Marie Brämer-Skowronek

Personal information
- Nationality: German
- Born: 9 December 1990 (age 35) Wolmirstedt, Germany
- Height: 170 cm (67 in)

Sport
- Sport: track and field
- Disability: Cerebral palsy
- Disability class: T34
- Events: Shot put Javelin throw
- Club: LAV Bunde
- Coached by: Alexander Hollstein

Medal record
Women's athletics
Representing Germany
Paralympic Games
| Silver medal – second place | 2012 London | Javelin - F33/34/52/53 |
IPC World Championships
| Bronze medal – third place | 2013 Lyon | Javelin F33/34 |
IPC European Championships
| Bronze medal – third place | 2012 Stadskanaal | Javelin F33/34 |

= Marie Brämer-Skowronek =

German Paralympic athlete (born 1990)

Marie Brämer-Skowronek (born 9 December 1990) is a German Paralympic athlete competing in F34 classification throwing events.

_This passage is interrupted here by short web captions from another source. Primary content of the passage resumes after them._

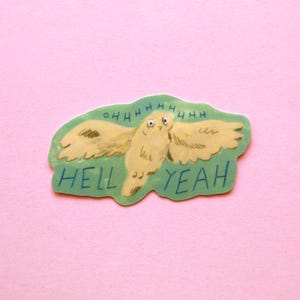 Puede incluir: Una pegatina con un diseño de búho de dibujos animados, con las alas extendidas y la frase "OHHHHHHH HELL YEAH" en azul. El búho es de color amarillo claro con detalles marrones, sobre un fondo verde. La pegatina está sobre un fondo rosa.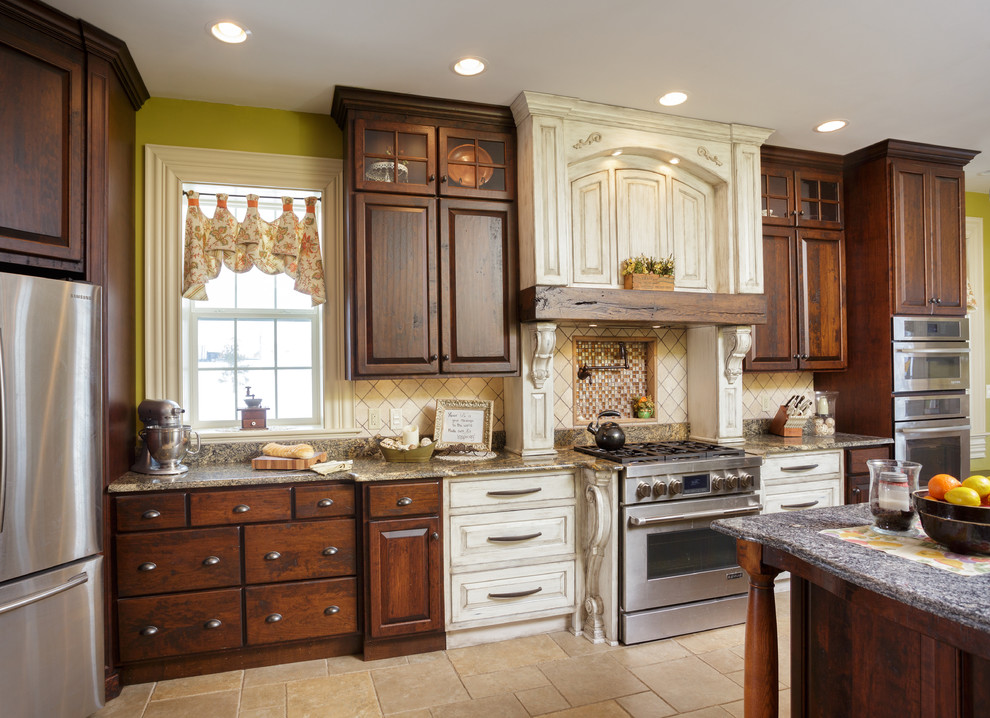 Example of a large cottage l-shaped ceramic tile eat-in kitchen design in Philadelphia with an undermount sink, raised-panel cabinets, distressed cabinets, granite countertops, beige backsplash, stone tile backsplash, stainless steel appliances and an island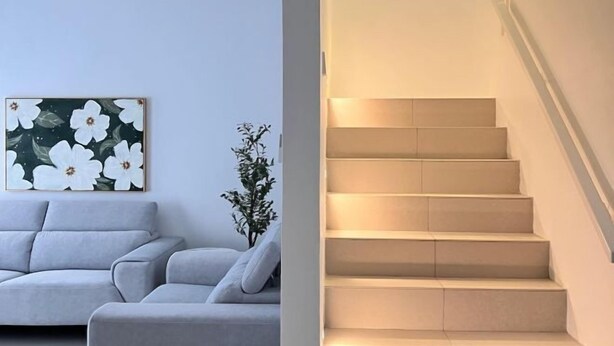 A modern living room with a grey sofa and a floral painting on the wall. - T2 House Kuantan (Kuala Kuantan)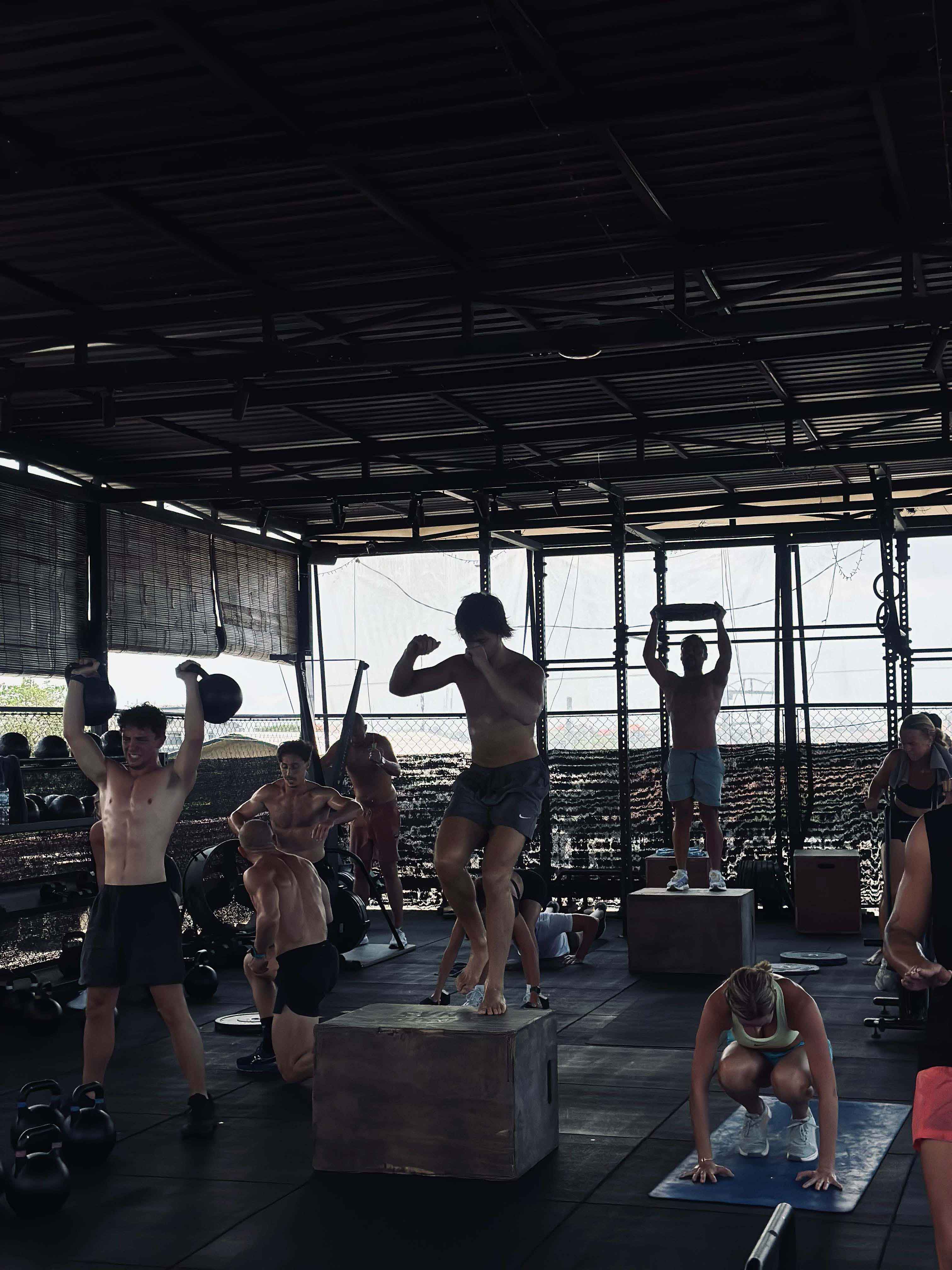 Group of fitness enthusiasts engaged in an intense Savage Saturday HIIT class at Wrong Gym Bali, featuring box jumps, kettlebell lifts, and burpees in an open-air training space.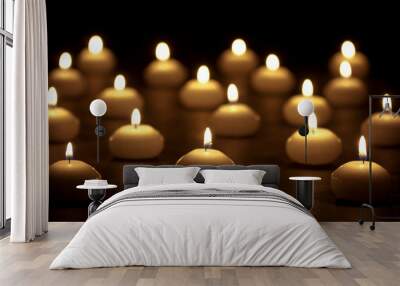 Group of burning candles at a black background with selective fo Wall mural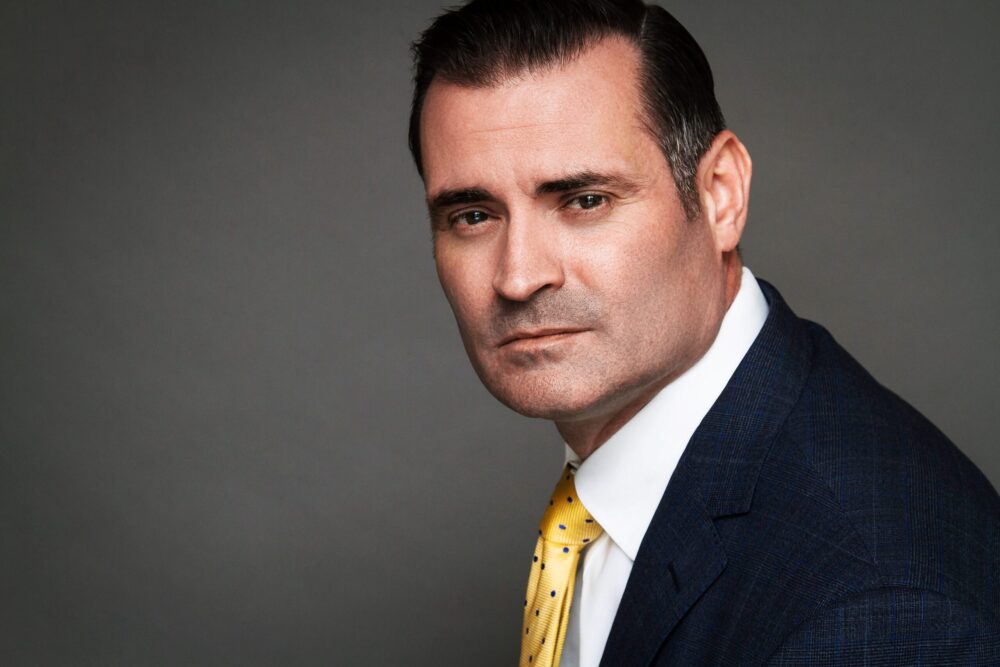 Man in a navy suit and yellow tie posing for a dramatic studio portrait against a gray background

She represented Germany at the 2012 Summer Paralympic Games in London, entering the javelin throw and the shot put. She finished tenth in the shot and in the javelin, which stretched over four classifications, she threw a distance of 20.43 metres to win the silver medal. As well as Paralympic success, she won a bronze medal at the 2013 IPC Athletics World Championships in the javelin.